- Your instructions -
The answer should match the entries below word for word, minus their pictures.

- The data -
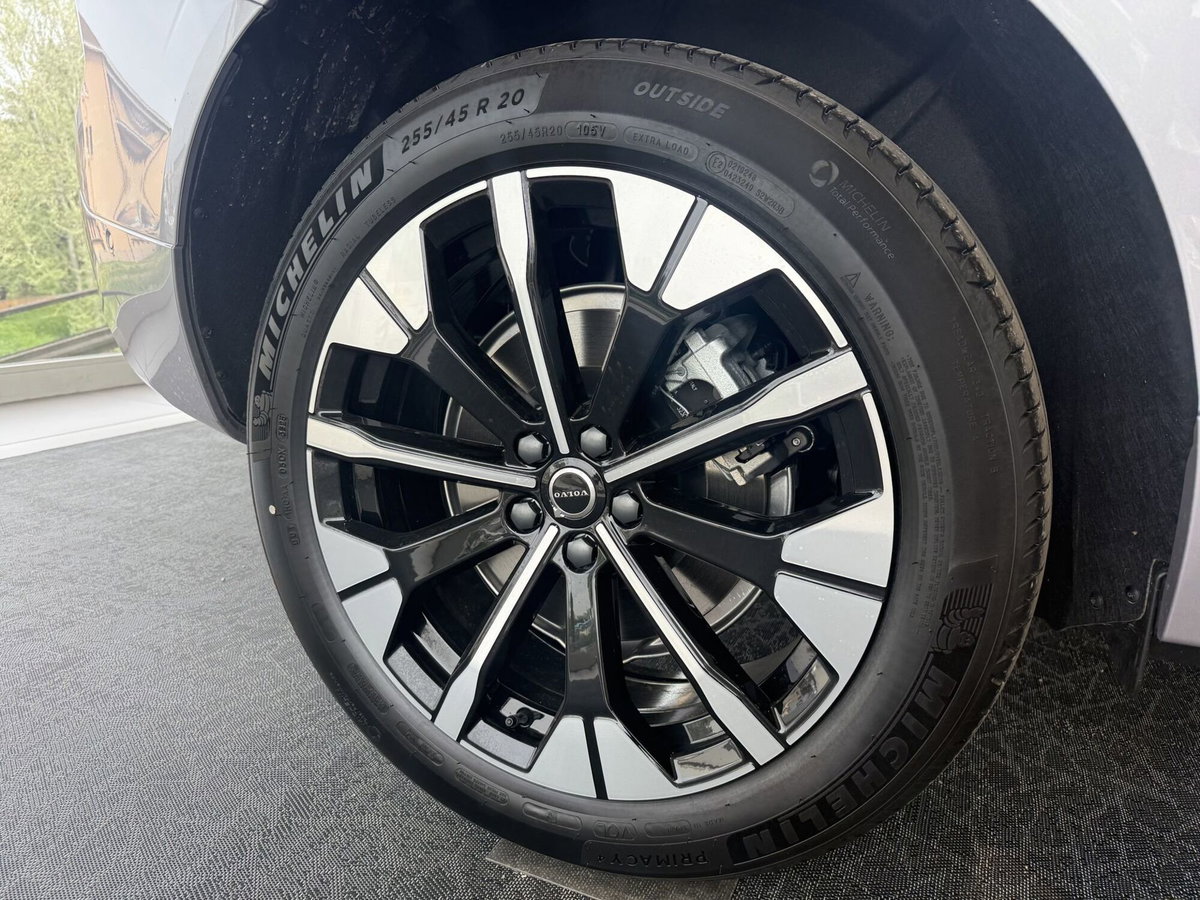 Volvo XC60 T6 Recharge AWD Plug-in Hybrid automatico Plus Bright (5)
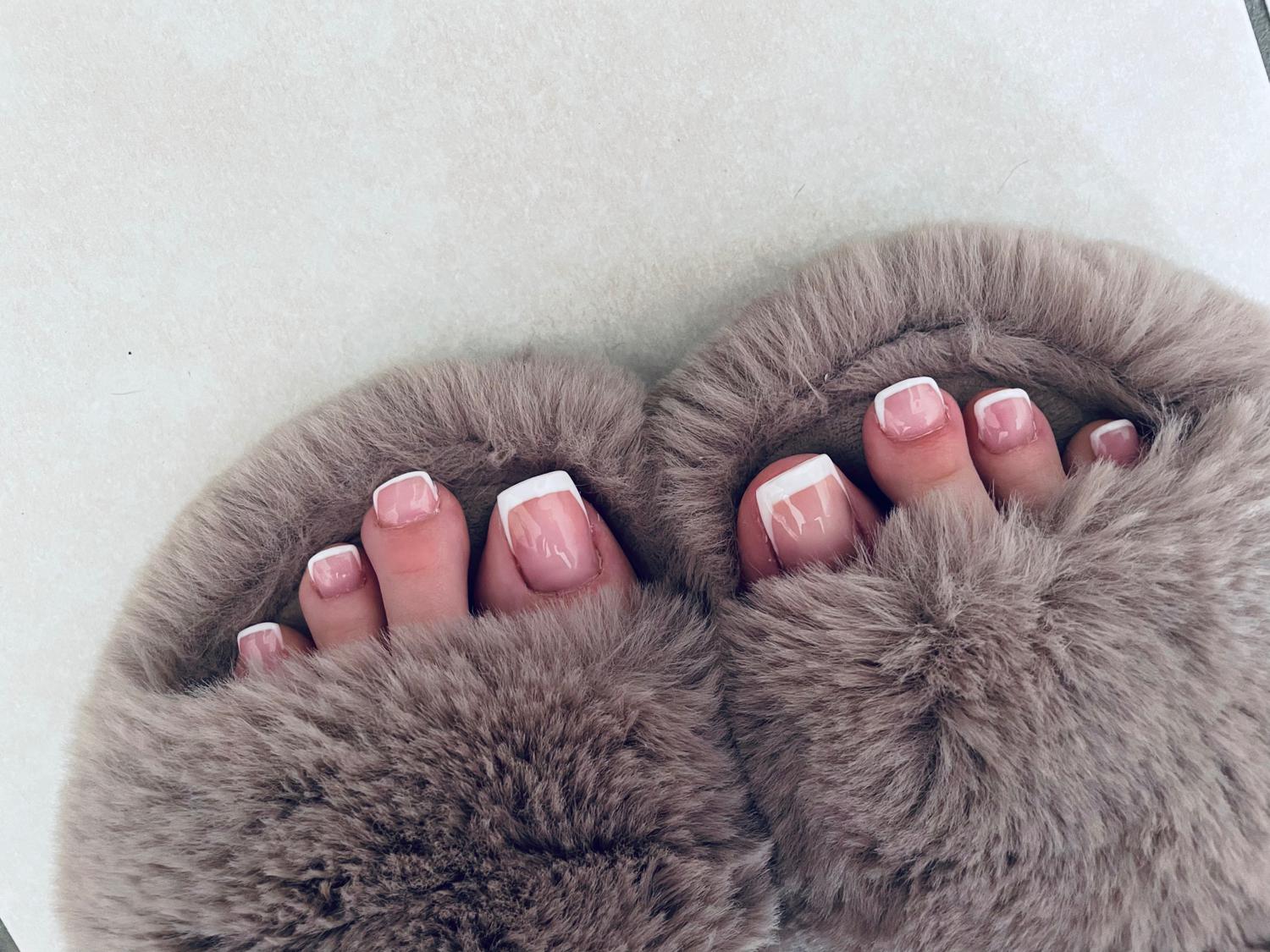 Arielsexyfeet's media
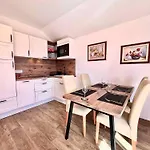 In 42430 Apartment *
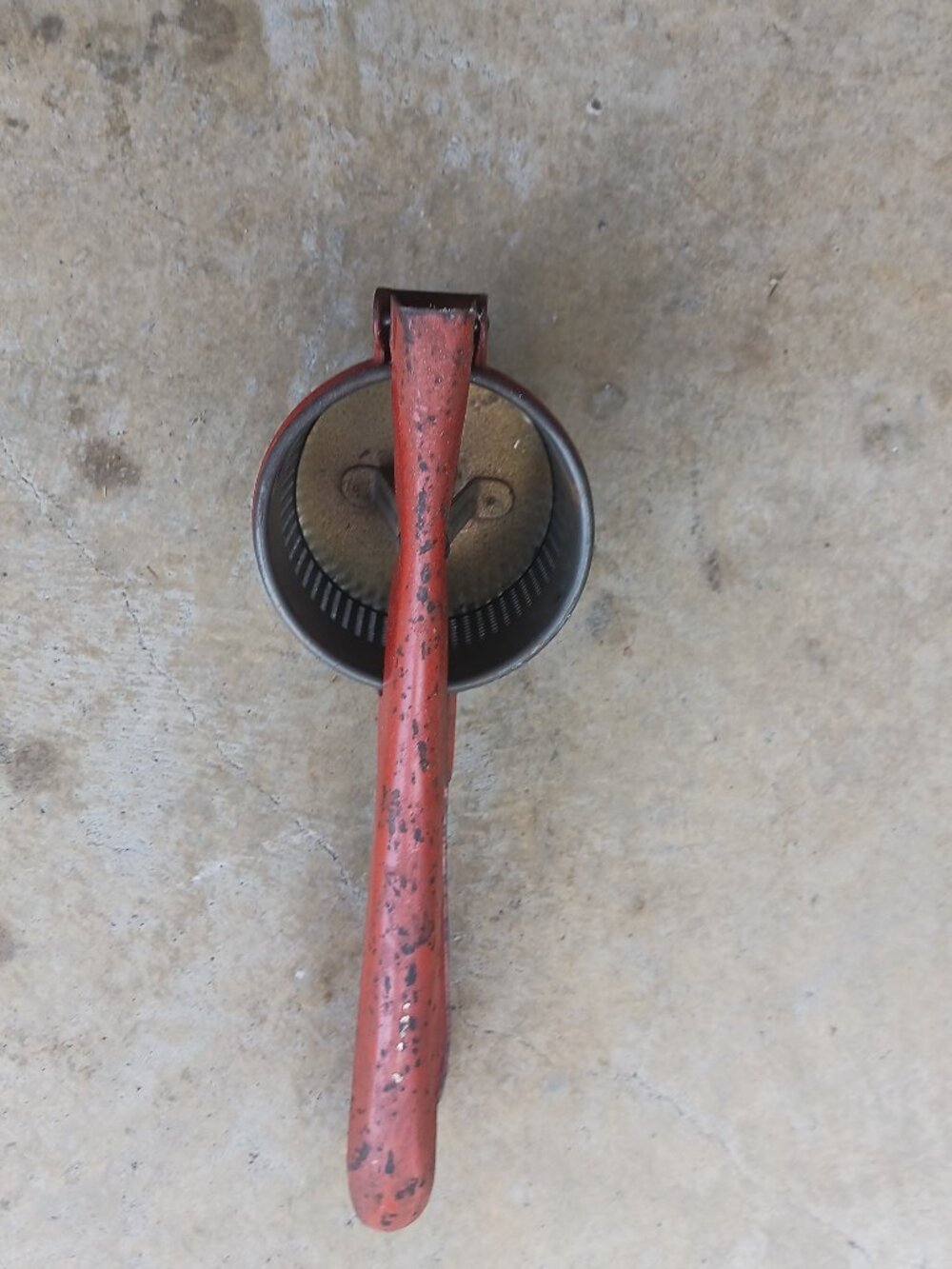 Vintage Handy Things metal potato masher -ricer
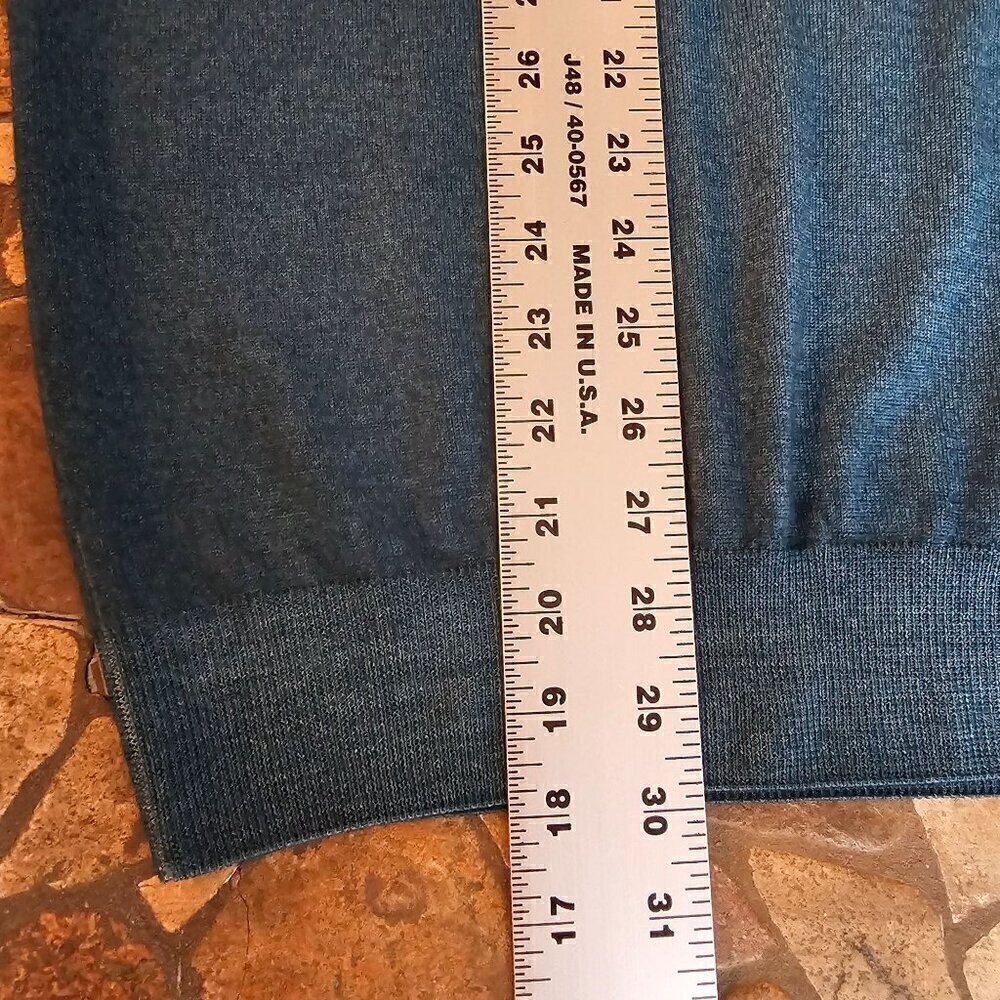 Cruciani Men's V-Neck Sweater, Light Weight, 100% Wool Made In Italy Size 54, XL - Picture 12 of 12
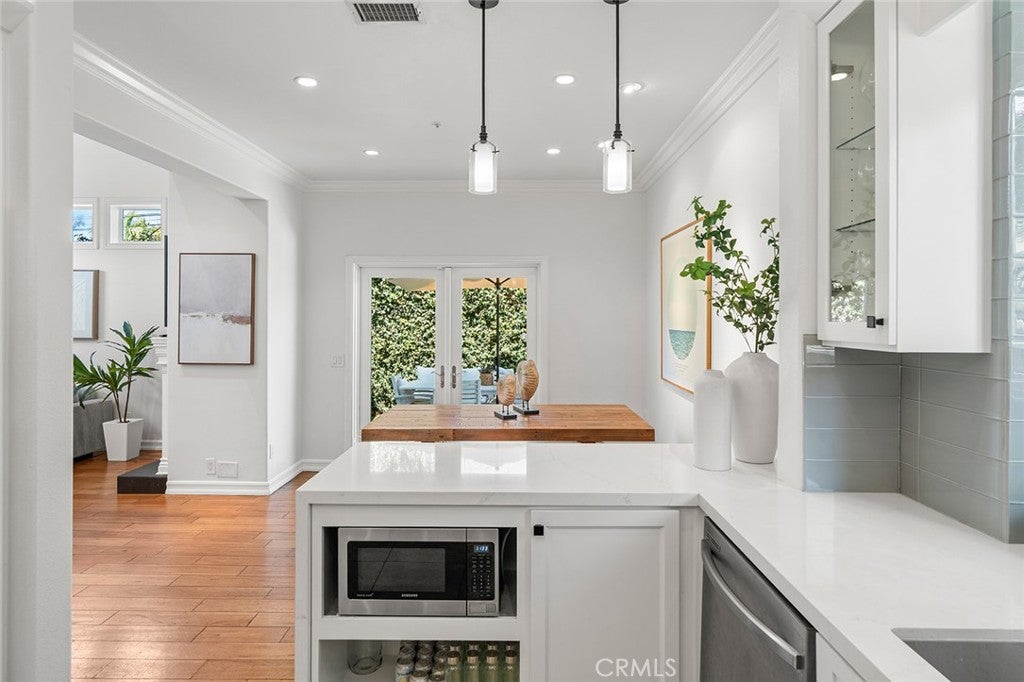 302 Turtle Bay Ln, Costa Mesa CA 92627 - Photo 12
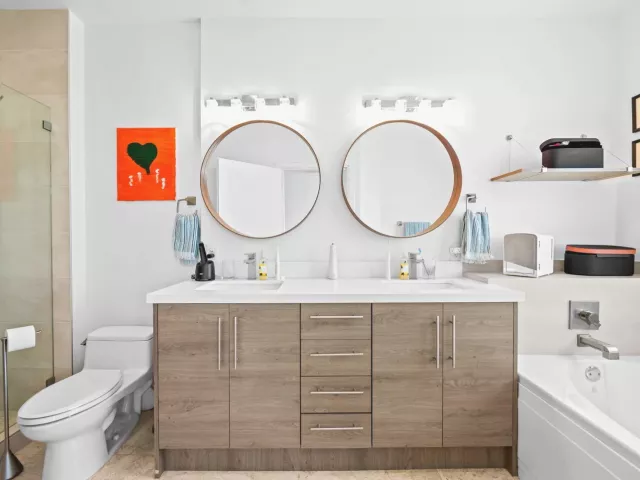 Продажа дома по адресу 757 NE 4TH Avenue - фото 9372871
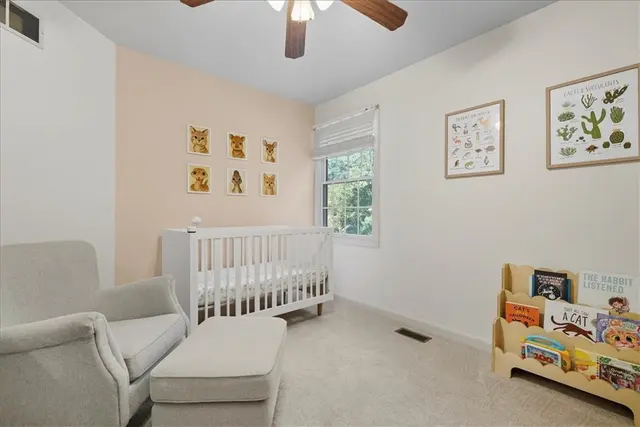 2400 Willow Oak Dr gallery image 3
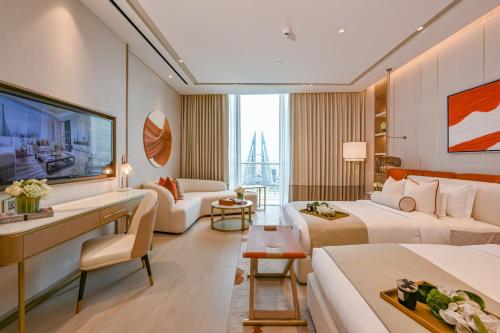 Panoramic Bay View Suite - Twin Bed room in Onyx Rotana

- Written response -
 Volvo XC60 T6 Recharge AWD Plug-in Hybrid automatico Plus Bright (5)
 Arielsexyfeet's media
 In 42430 Apartment *
 Vintage Handy Things metal potato masher -ricer
 Cruciani Men's V-Neck Sweater, Light Weight, 100% Wool Made In Italy Size 54, XL - Picture 12 of 12
 302 Turtle Bay Ln, Costa Mesa CA 92627 - Photo 12
 Продажа дома по адресу 757 NE 4TH Avenue - фото 9372871
 2400 Willow Oak Dr gallery image 3
 Panoramic Bay View Suite - Twin Bed room in Onyx Rotana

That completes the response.